39      Eu égard aux motifs qui précèdent, il convient de répondre aux questions posées que l’article 5, paragraphe 3, du règlement no 261/2004 doit être interprété en ce sens que la survenance d’une défaillance technique inopinée et inédite qui affecte un nouveau modèle d’aéronef récemment mis en service et qui conduit le transporteur aérien à annuler un vol relève de la notion de « circonstances extraordinaires », au sens de cette disposition, lorsque le constructeur de cet aéronef reconnaît postérieurement à cette annulation que cette défaillance était causée par un vice caché de conception concernant l’ensemble des aéronefs du même type et affectant la sécurité du vol.

 Sur les dépens

40      La procédure revêtant, à l’égard des parties au principal, le caractère d’un incident soulevé devant la juridiction de renvoi, il appartient à celle-ci de statuer sur les dépens. Les frais exposés pour soumettre des observations à la Cour, autres que ceux desdites parties, ne peuvent faire l’objet d’un remboursement.
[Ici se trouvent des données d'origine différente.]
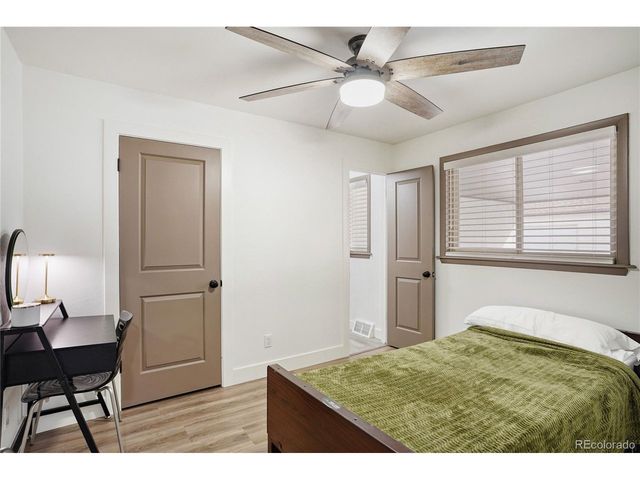 11550 E 2nd Ave, Aurora, CO 80010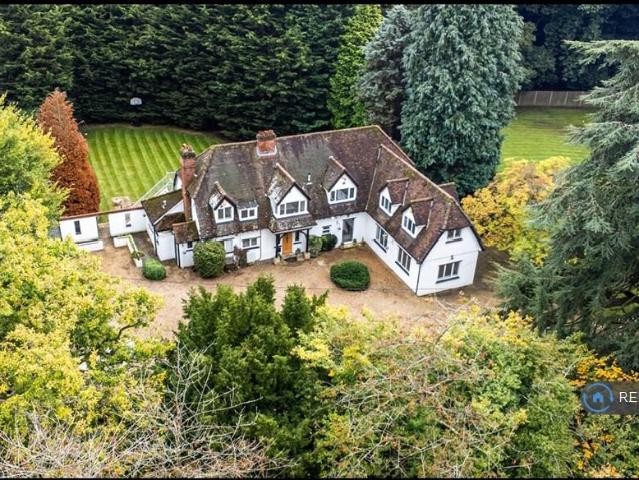Darby Drive, Welwyn, AL6 7 bed detached house to rent £4,999 pcm £1,154 pw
Par ces motifs, la Cour (huitième chambre) dit pour droit :

L’article 5, paragraphe 3, du règlement (CE) no 261/2004 du Parlement européen et du Conseil, du 11 février 2004, établissant des règles communes en matière d’indemnisation et d’assistance des passagers en cas de refus d’embarquement et d’annulation ou de retard important d’un vol, et abrogeant le règlement (CEE) no 295/91,

doit être interprété en ce sens que :

la survenance d’une défaillance technique inopinée et inédite qui affecte un nouveau modèle d’aéronef récemment mis en service et qui conduit le transporteur aérien à annuler un vol relève de la notion de « circonstances extraordinaires », au sens de cette disposition, lorsque le constructeur de cet aéronef reconnaît postérieurement à cette annulation que cette défaillance était causée par un vice caché de conception concernant l’ensemble des aéronefs du même type et affectant la sécurité du vol.

Signatures


*      Langue de procédure : le finnois.